City bus drivers make good money. But folks, it ain't enough. They also deserve a night out at the Pendry or a lifetime supply of Ekiben paid for by the owners of those Virginia license-plated vehicles that drive in dedicated bus lanes. They deserve a vacation far away from the Baltimore road rage they deal with every day.

On a recent Saturday, the Maryland Transit Administration hosted its annual Bus and Maintenance Roadeo, where local drivers and maintenance crews get to show off their stuff. The agency turned a massive parking lot at the Reisterstown Plaza Metro station into a bus obstacle course. Drivers had to navigate hairpin serpentine curves, reverse into narrow parking spaces and hit a high speed on a straightaway through some barrels and then stop as close as they could to the end marker. Family members got to enjoy free food and Italian ice. There was a DJ and prizes. It's the closest that a government agency can get to a company picnic.

Oh, and they let me give the course a shot. I'm just glad that my test drive was in an empty parking lot, not on North Avenue at rush hour. If the traffic cones and tennis balls that I was running over were, say, pedestrians or parked cars, I'd be in some legal trouble.

"It is not an easy job, and so the amount of respect I have for our operators just continues to grow," said MTA Administrator Holly Arnold.

The course is a tough one, but so is driving on the streets of Baltimore, Arnold said. She took a crack at the course, too, going head-to-head against a representative from the Amalgamated Transit Union Local 1300.

Driving a bus can be a thankless job. Last time I took the 65 bus to work, I saw a woman outside flip the bird at the driver when they didn't stop for her (even though she wasn't waiting at a bus stop). The week prior, I was on the east-west Blue route after covering a public meeting when the driver went maybe 50 feet past a bus stop so we wouldn't get caught at an agonizingly long red light. A guy waiting to get off felt the need to shout, "Mother- don't you know where the stop is?"

Sometimes such behavior can escalate to violence.

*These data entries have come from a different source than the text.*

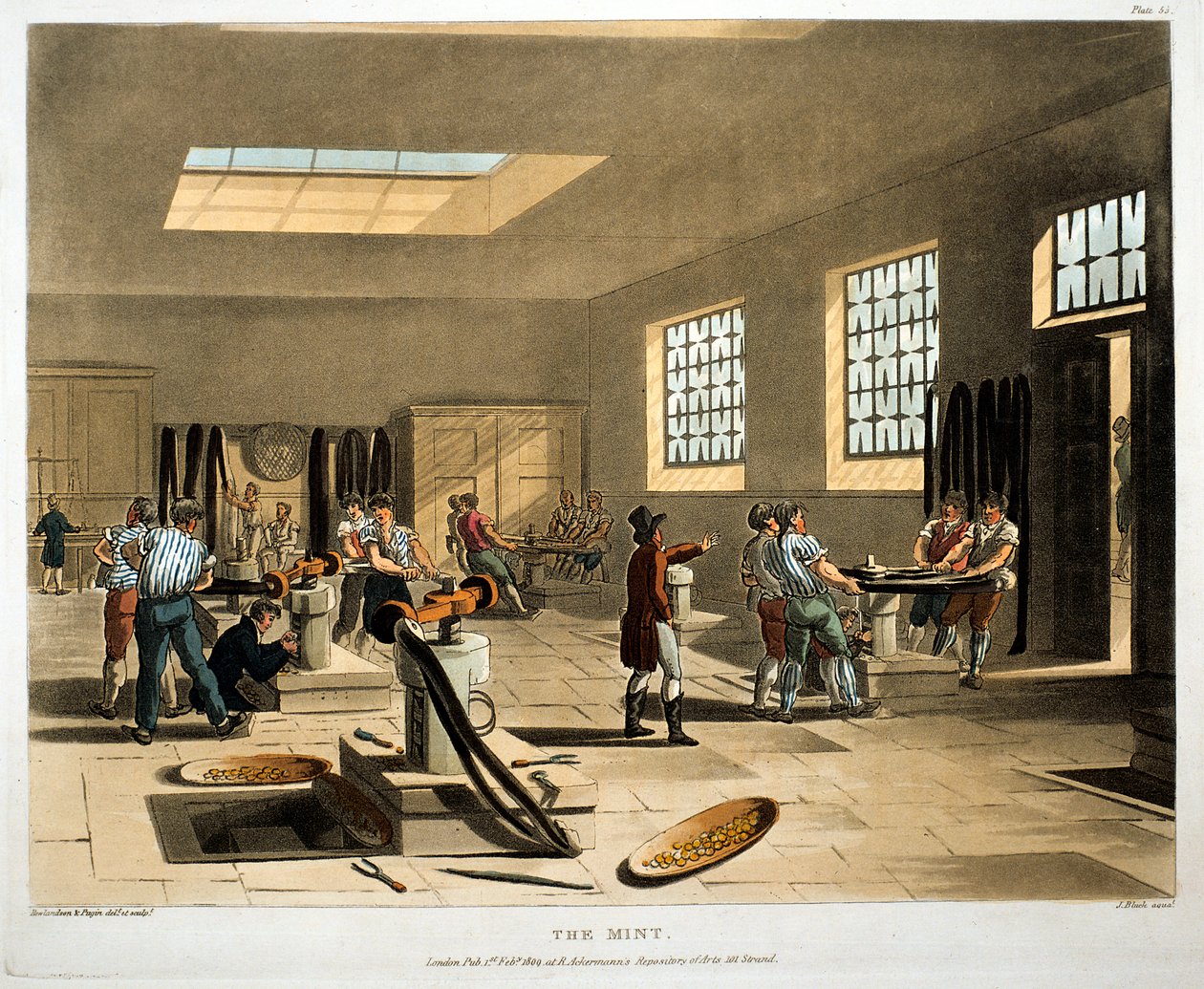 The Mint, London, 1808-1811 alkotó: Augustus Charles Pugin, Thomas Rowlandson
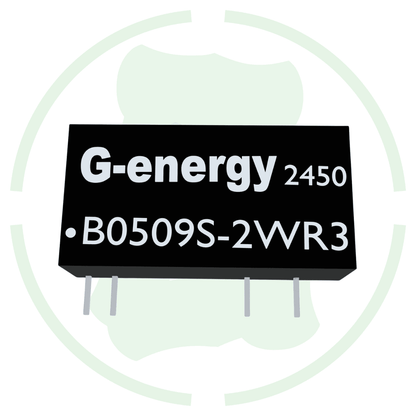 G - energy B0509S - 2WR3 5V to 9V 222mA 2W Dc Dc Converter IP68 Step Up Converter - G - energy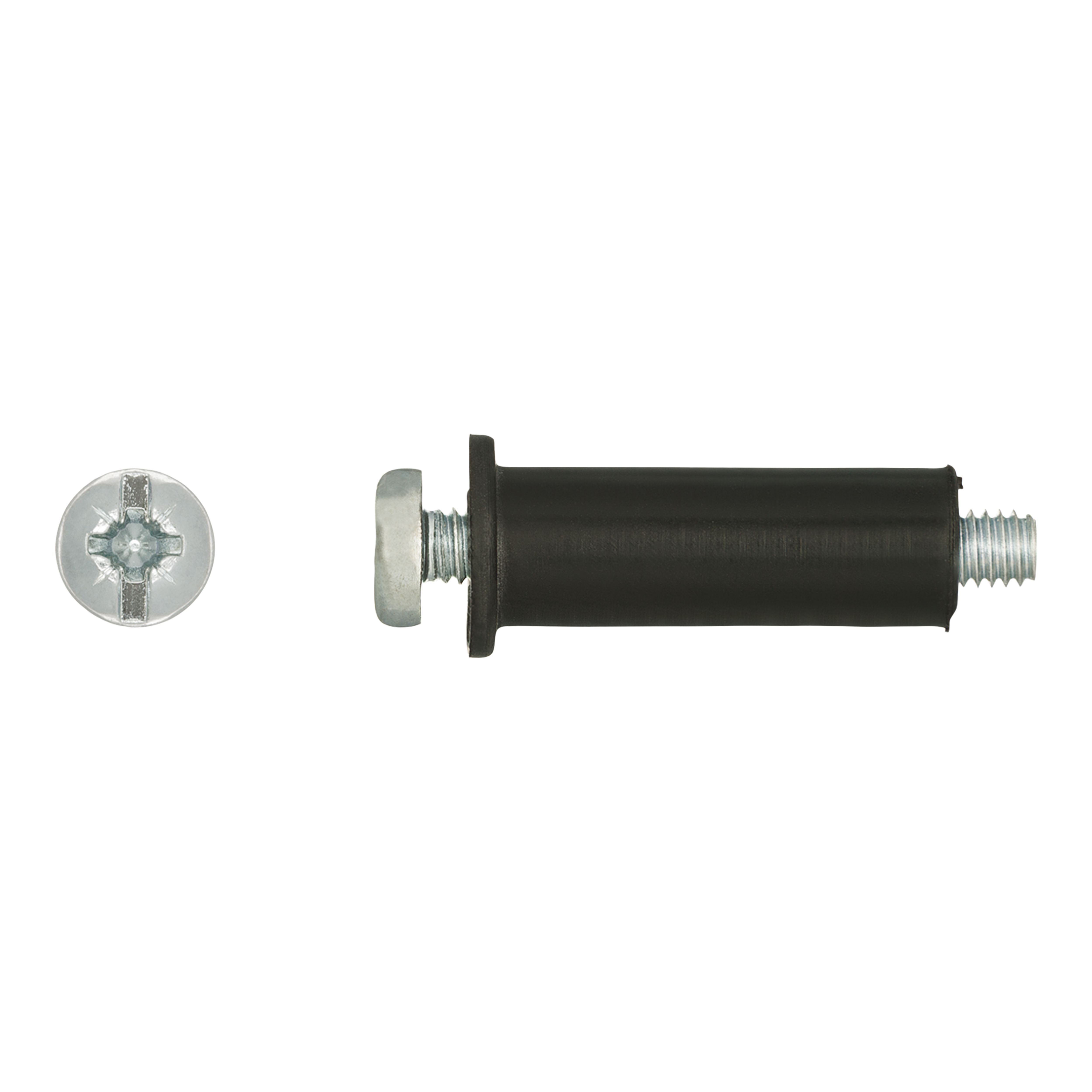 Diall Flexi Black Multi-purpose screw & wall plug (Dia)13mm (L)35mm, Pack of 4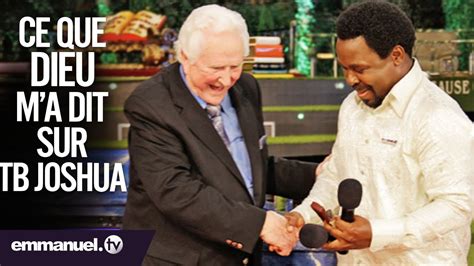 Prophet tb joshua teaches his views that challenges are the soils on which faith grows. La RÉVÉLATION que Dieu m'a donnée sur TB JOSHUA ...
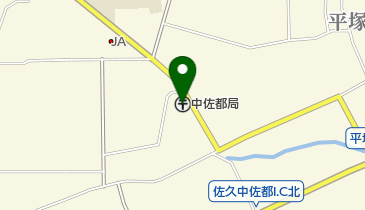 中佐都郵便局の地図画像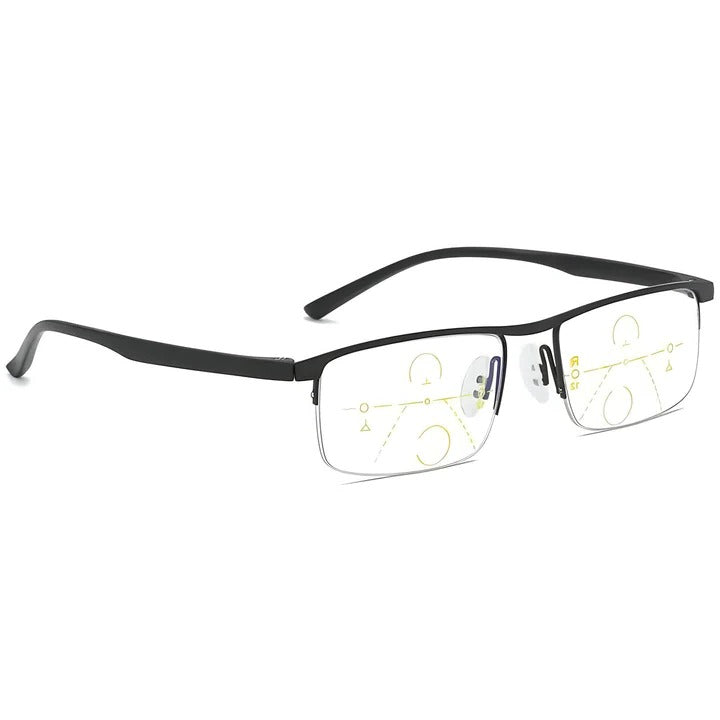 Smart Multifocal Reading Glasses with Blue Light and UV Shielding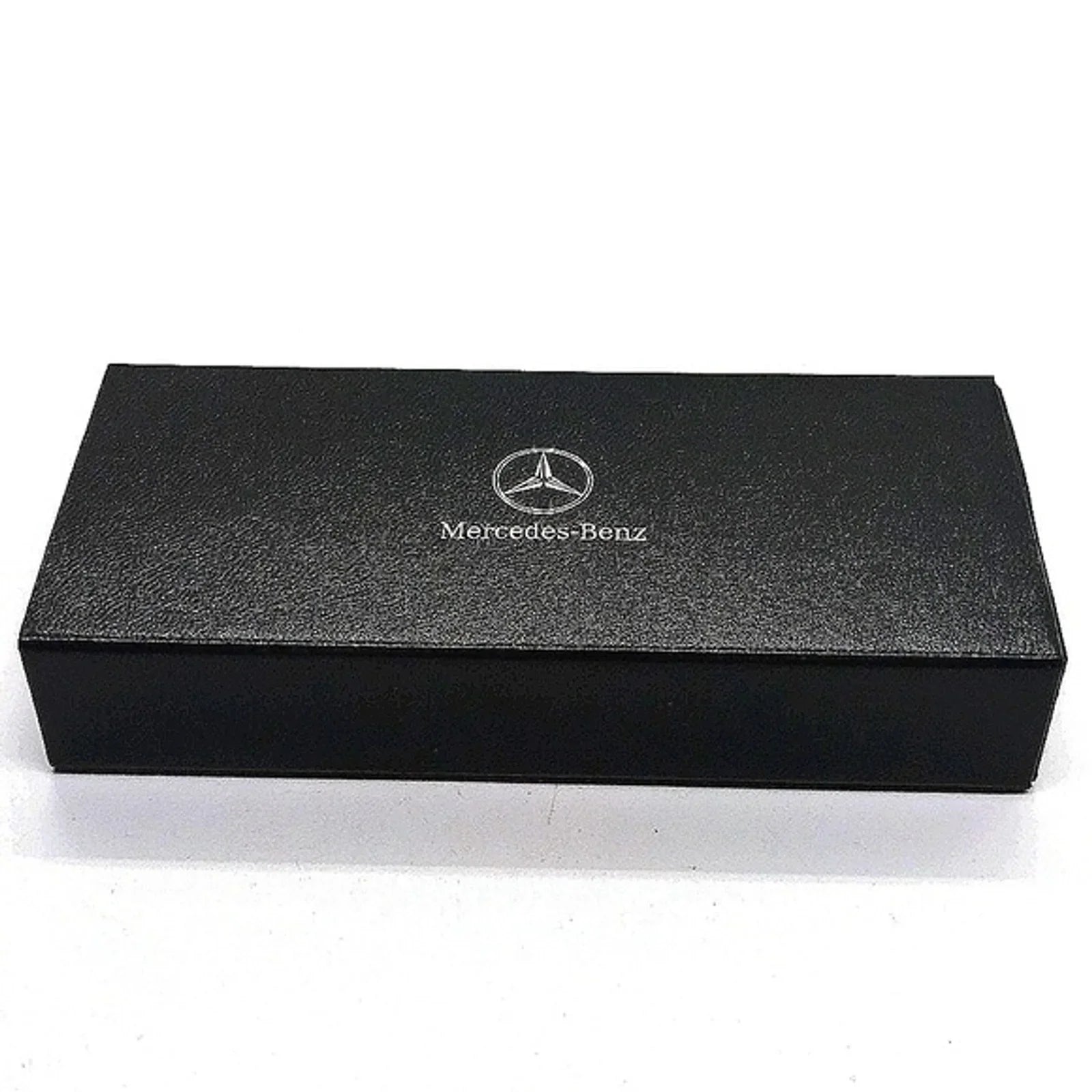NIB Authentic Mercedes Benz Vintage Keychain Key Fob in Nickel-OEM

Still, veteran bus operator Antawan Briscoe loves what he does, getting to meet new people and take them to work.

"You're gonna get there on time, I'm gonna make sure of it," said Briscoe, who has driven a bus for the MTA for 28 years.

He's also really good at it — he came into this year having won the bus roadeo three years in a row.

Briscoe drives out of the Bush division. A healthy rivalry among drivers from each of the MTA's four bus hubs — Kirk, Bush, Eastern and Northwest — gets a little spicier during the roadeo.

"We root for all, but we want Bush to win," said Maurice Wheeler, a 14-year bus operator and trainer who helped set up the course and then watched his colleagues drive it. Hitting a yellow cone means a 25-point deduction. If a driver is on the course for longer than seven minutes, they get pulled — the faster your time, the better your score.

Wheeler and the rest of Bush had reason to be proud by midday. With his fourth straight win, Briscoe is now poised to head to Austin, Texas, for the main event — the international Bus Roadeo — where he'll compete with drivers from all over the world.

"I come to work, I practice hard," said Briscoe, who is thrilled to see some younger operators coming on board and doing well. After all, he can't drive forever.

Briscoe offered a message to the other international competitors in Austin: "I'm coming back, I'm coming back. I'm looking forward to doing a lot better."

He completed the course in minutes with a nearly perfect score.

I did not.

As for me, the advice I got paid off — go slowly, check your mirrors, choke the wheel before you turn. The air brakes were touchy — passengers on my bus might have thought they were riding a bumper car in stop-and-go traffic.

I avoided hitting of the yellow cones. I definitely exceeded the seven-minute time limit, but they let me stay at the wheel and finish the course. The winners took home cash prizes; I took home the tennis ball I ran over and popped as my participation trophy.

I also left knowing I'd never again get off another bus without saying thanks to the driver.